Image-text web data:
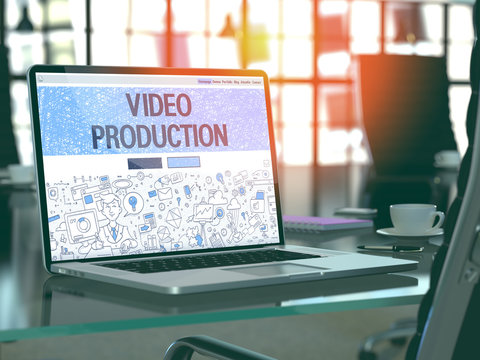 Video Production Concept. Closeup Landing Page on Laptop Screen in Doodle Design Style. On Background of Comfortable Working Place in Modern Office. Blurred, Toned Image. 3D Render.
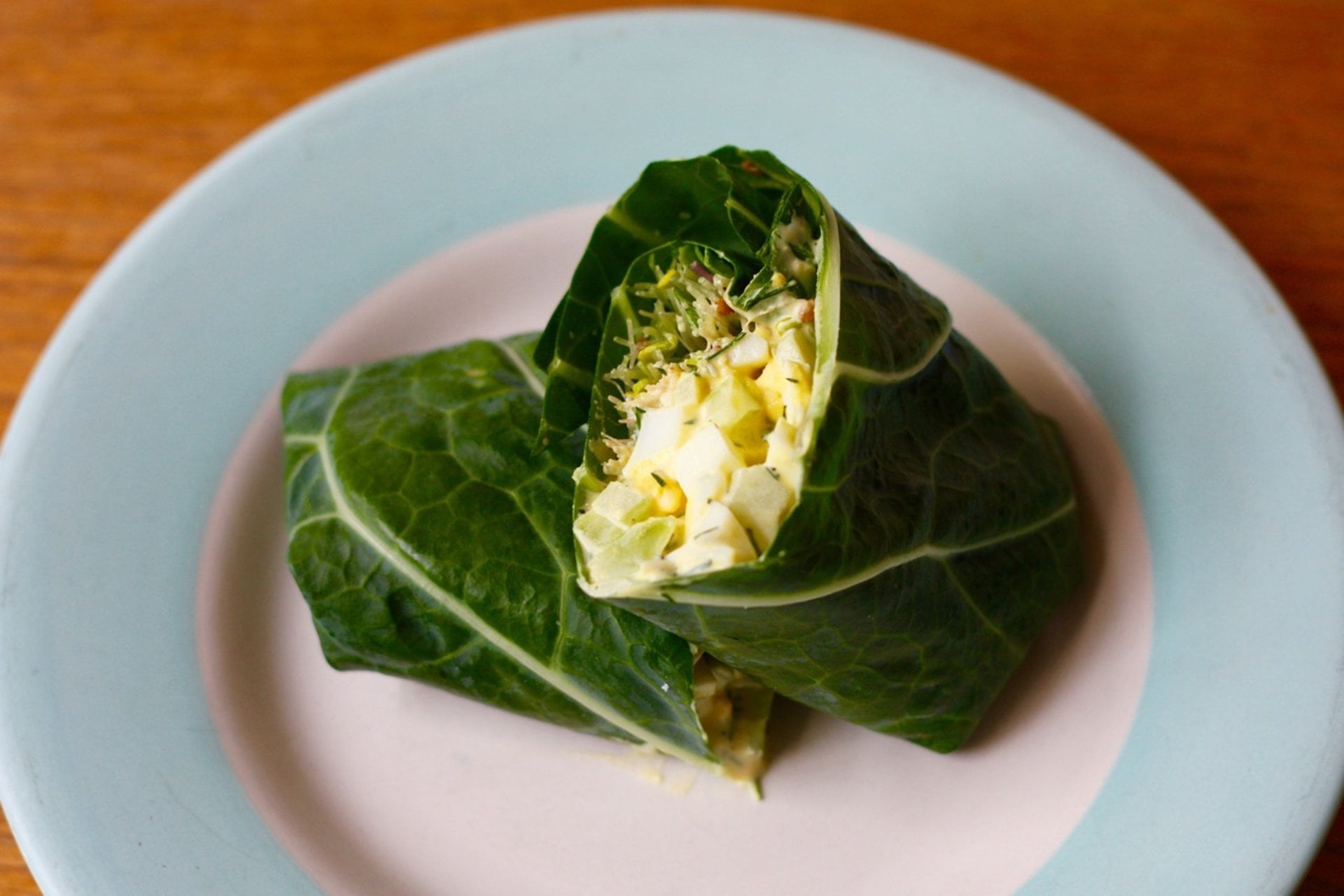 Egg salad-filled collard green wraps on a plate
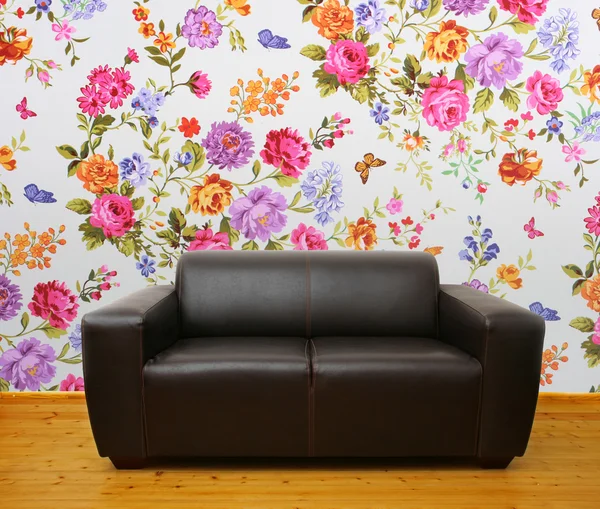 Interior com sofá de couro marrom contra parede floral colorida — Fotografia de Stock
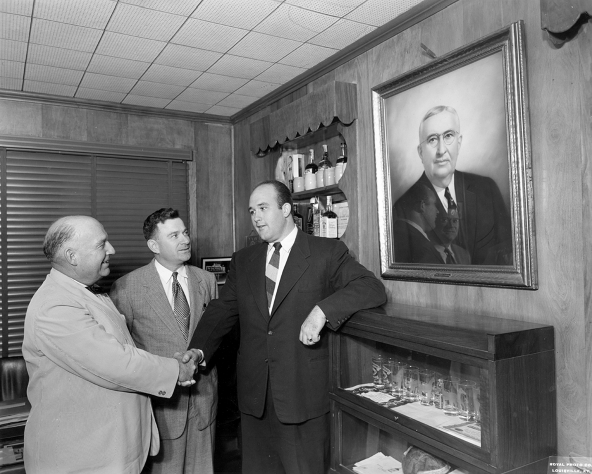 Photograph depicting Booker shaking hands with Uncle Jere while his cousin Carl is looking at him. Behind Booker on the wall is a portrait of Jim Beam, and on the left of the wall are shelves with some bottles. Below the portrait is a show-case containing glasses.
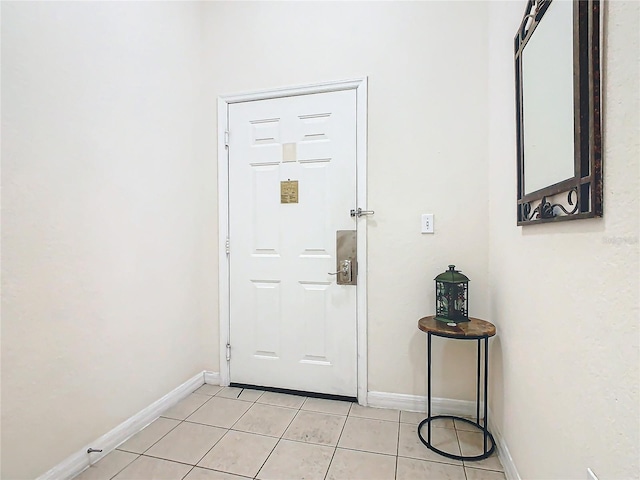 doorway to outside with light tile patterned floors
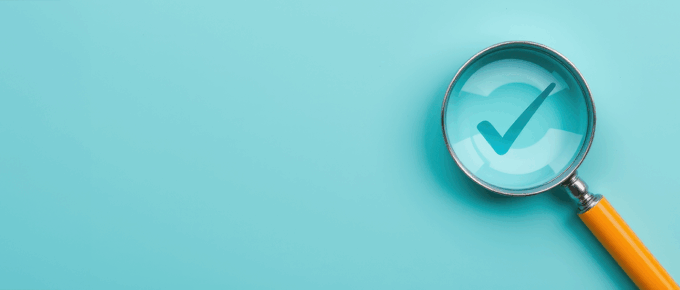 Checkbox under a magnifying glass on a black background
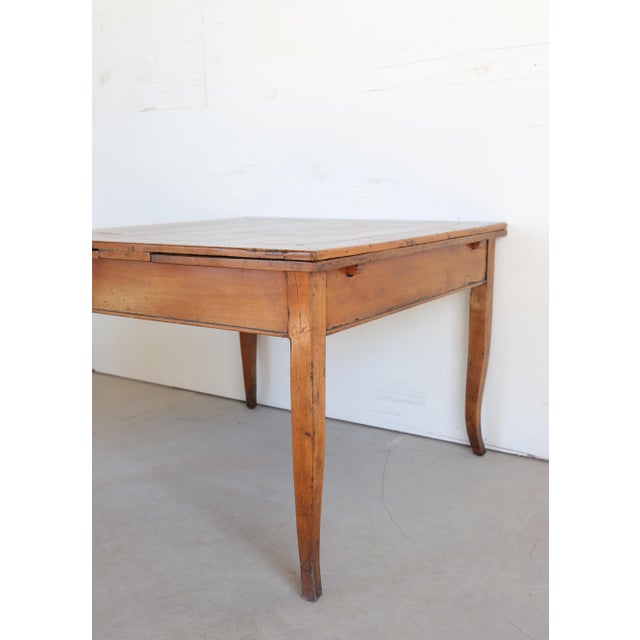 An elegant 18th century Venetian table crafted from warm, honey-toned cherrywood, featuring refined proportions and...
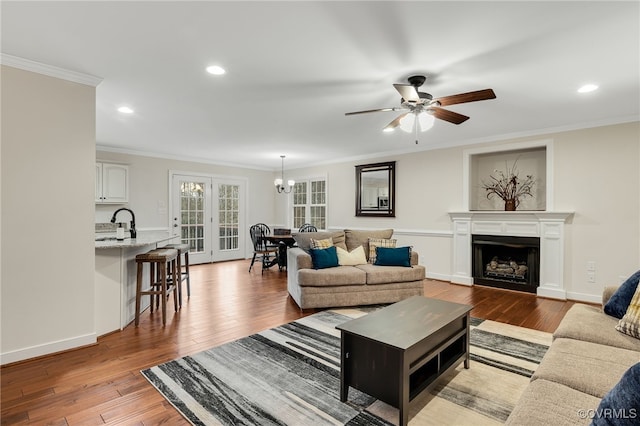 living room with hardwood / wood-style flooring, recessed lighting, a fireplace, baseboards, and ornamental molding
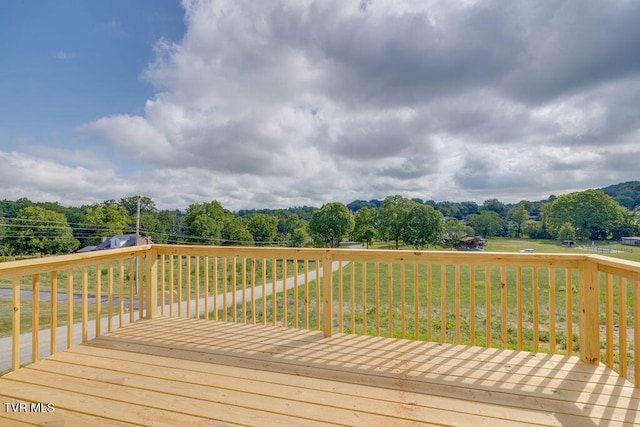 106 Iris Ln, Fall Branch, TN 37656 - wooden deck with a lawn and view of scattered trees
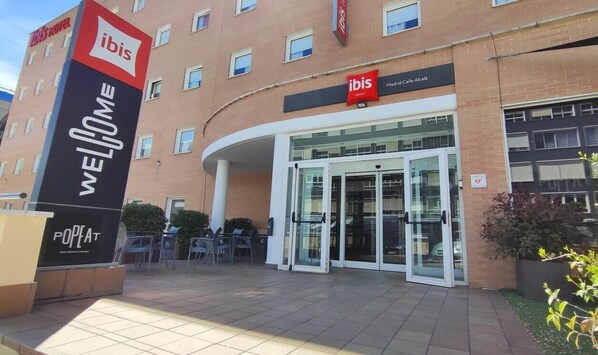 Eingang eines Ibis Hotels mit einem 'WELCOME'-Schild, Glastüren und einem Außenbereich mit Sitzgelegenheiten.
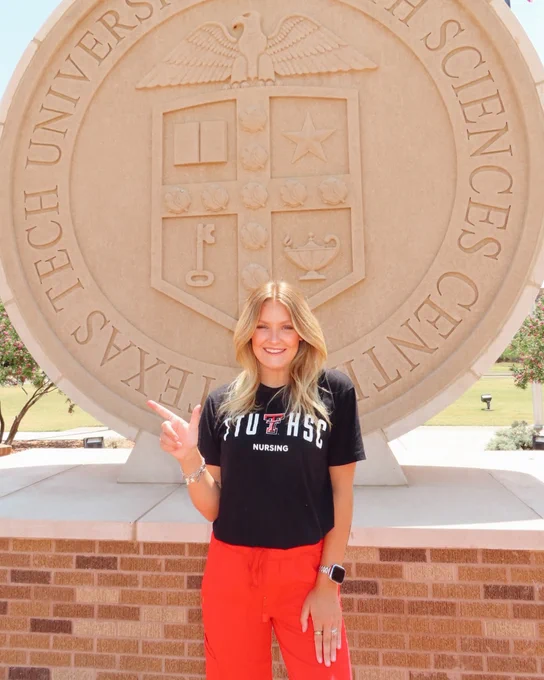 Female nursing student wears red scrub pants and a black TTUHSC t-shirt and stands outside in front of the university seal.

• **WORK TO COMPLETE**
Leaving pictures aside, write out each record above exactly as given.

• **TASK OUTPUT**
 Video Production Concept. Closeup Landing Page on Laptop Screen in Doodle Design Style. On Background of Comfortable Working Place in Modern Office. Blurred, Toned Image. 3D Render.
 Egg salad-filled collard green wraps on a plate
 Interior com sofá de couro marrom contra parede floral colorida — Fotografia de Stock
 Photograph depicting Booker shaking hands with Uncle Jere while his cousin Carl is looking at him. Behind Booker on the wall is a portrait of Jim Beam, and on the left of the wall are shelves with some bottles. Below the portrait is a show-case containing glasses.
 doorway to outside with light tile patterned floors
 Checkbox under a magnifying glass on a black background
 An elegant 18th century Venetian table crafted from warm, honey-toned cherrywood, featuring refined proportions and...
 living room with hardwood / wood-style flooring, recessed lighting, a fireplace, baseboards, and ornamental molding
 106 Iris Ln, Fall Branch, TN 37656 - wooden deck with a lawn and view of scattered trees
 Eingang eines Ibis Hotels mit einem 'WELCOME'-Schild, Glastüren und einem Außenbereich mit Sitzgelegenheiten.
 Female nursing student wears red scrub pants and a black TTUHSC t-shirt and stands outside in front of the university seal.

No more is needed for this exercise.